Knowing if training on multi-GPU

Hi. I have the model that I sometimes train on a single GPU and sometimes on multiples GPUs. In its architecture there are batchnorm’s so I decided to use model = SyncBatchNorm.convert_sync_batchnorm(model) to avoid performance loss when training on Multi-GPU.

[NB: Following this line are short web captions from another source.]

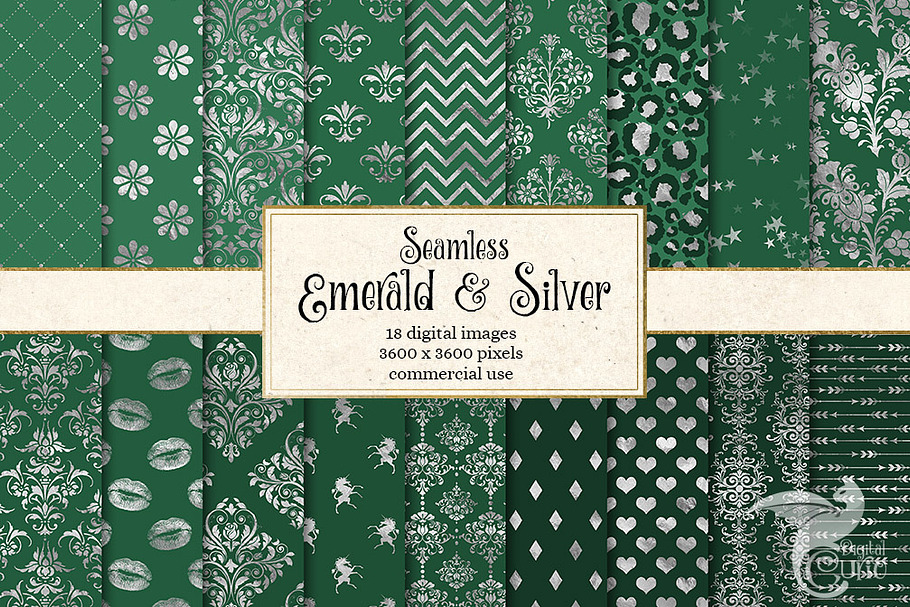 Emerald and Silver Digital Paper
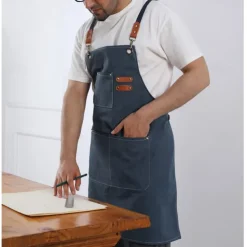 Chef Apron For Women and Men, Kitchen Cooking Apron, Personalised Gardening Apron with Pockets,Adjustable Strap For Carpenters, Mechanics, Painters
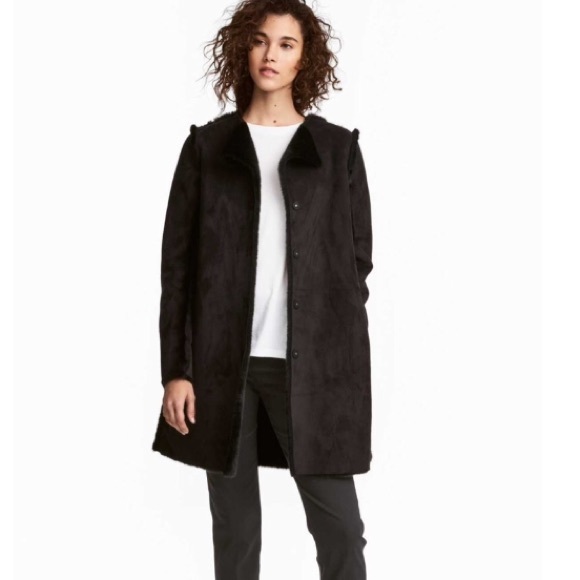 H&M Coat Faux Fur 🔝 - Picture 1 of 8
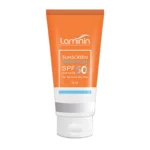 نمای کناری کرم ضد آفتاب بی رنگ لامینین SPF 50 مدل ویتامینه مناسب پوست چرب و معمولی حجم 50 میلی لیتر عمق قاب و پروفایل
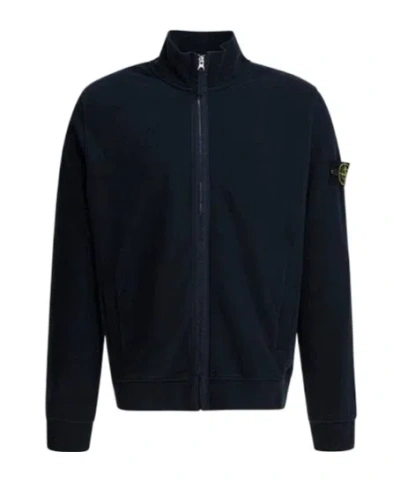 Stone Island Long-sleeved Zip-up Sweatshirt In Blue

However, the thing is that now when I want to train on one GPU I get the following error:

...
  File "/home/alain/miniconda3/envs/ts/lib/python3.10/site-packages/torch/nn/modules/module.py", line 1110, in _call_impl
    return forward_call(*input, **kwargs)
  File "/home/alain/miniconda3/envs/ts/lib/python3.10/site-packages/torch/nn/modules/container.py", line 141, in forward
    input = module(input)
  File "/home/alain/miniconda3/envs/ts/lib/python3.10/site-packages/torch/nn/modules/module.py", line 1110, in _call_impl
    return forward_call(*input, **kwargs)
  File "/home/alain/miniconda3/envs/ts/lib/python3.10/site-packages/torch/nn/modules/batchnorm.py", line 731, in forward
    world_size = torch.distributed.get_world_size(process_group)
  File "/home/alain/miniconda3/envs/ts/lib/python3.10/site-packages/torch/distributed/distributed_c10d.py", line 867, in get_world_size
    return _get_group_size(group)
  File "/home/alain/miniconda3/envs/ts/lib/python3.10/site-packages/torch/distributed/distributed_c10d.py", line 325, in _get_group_size
    default_pg = _get_default_group()
  File "/home/alain/miniconda3/envs/ts/lib/python3.10/site-packages/torch/distributed/distributed_c10d.py", line 429, in _get_default_group
    raise RuntimeError(
RuntimeError: Default process group has not been initialized, please make sure to call init_process_group.

I tried to do something conditional like:

import torch.distributed as dist
model = SyncBatchNorm.convert_sync_batchnorm(model) if dist.get_world_size() > 1 else model

but I got a similar error when trying to evaluate dist.get_world_size().

Also, I use Pytorch Lightning, I don’t know whether it can help/be an issue.

Does anyone has an idea?
Thanks a lot!

Try to use torch.distributed.is_initialized() in a condition.